• [DATASET RECORDS]
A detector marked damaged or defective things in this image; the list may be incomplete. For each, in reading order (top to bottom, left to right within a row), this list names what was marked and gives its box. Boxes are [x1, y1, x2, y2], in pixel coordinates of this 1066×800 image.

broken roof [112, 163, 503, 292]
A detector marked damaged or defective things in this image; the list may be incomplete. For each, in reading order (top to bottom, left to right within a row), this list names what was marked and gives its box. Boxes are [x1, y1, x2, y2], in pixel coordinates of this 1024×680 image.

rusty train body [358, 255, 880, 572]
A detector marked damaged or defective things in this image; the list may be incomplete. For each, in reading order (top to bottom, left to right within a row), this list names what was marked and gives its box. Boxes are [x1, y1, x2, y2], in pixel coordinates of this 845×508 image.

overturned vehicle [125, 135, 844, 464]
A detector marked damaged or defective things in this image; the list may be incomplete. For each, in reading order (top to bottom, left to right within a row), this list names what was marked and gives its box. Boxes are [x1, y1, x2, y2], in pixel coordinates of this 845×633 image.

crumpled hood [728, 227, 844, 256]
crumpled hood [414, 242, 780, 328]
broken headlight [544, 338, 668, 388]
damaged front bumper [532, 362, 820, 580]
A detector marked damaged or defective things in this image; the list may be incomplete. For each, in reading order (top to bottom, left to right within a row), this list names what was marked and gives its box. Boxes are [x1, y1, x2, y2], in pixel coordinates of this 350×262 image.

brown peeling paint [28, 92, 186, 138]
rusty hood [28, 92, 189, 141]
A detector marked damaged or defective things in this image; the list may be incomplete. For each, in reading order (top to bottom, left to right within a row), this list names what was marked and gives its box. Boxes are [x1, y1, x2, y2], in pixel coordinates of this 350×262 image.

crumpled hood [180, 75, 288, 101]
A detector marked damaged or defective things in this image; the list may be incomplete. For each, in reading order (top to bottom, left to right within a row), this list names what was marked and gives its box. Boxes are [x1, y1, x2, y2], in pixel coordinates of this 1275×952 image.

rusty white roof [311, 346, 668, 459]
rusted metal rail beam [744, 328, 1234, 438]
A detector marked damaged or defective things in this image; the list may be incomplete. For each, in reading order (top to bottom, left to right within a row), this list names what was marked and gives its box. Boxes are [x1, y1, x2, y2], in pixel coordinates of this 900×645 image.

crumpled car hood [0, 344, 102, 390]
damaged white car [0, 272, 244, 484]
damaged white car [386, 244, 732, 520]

• [WHAT YOU WILL DO] Set down, exactly and in full, the lines from the one containing "this 900×645 image." through the end of the entries; no other line belongs.

• [RESPONSE AREA]
A detector marked damaged or defective things in this image; the list may be incomplete. For each, in reading order (top to bottom, left to right within a row), this list names what was marked and gives its box. Boxes are [x1, y1, x2, y2], in pixel coordinates of this 900×645 image.

crumpled car hood [0, 344, 102, 390]
damaged white car [0, 272, 244, 484]
damaged white car [386, 244, 732, 520]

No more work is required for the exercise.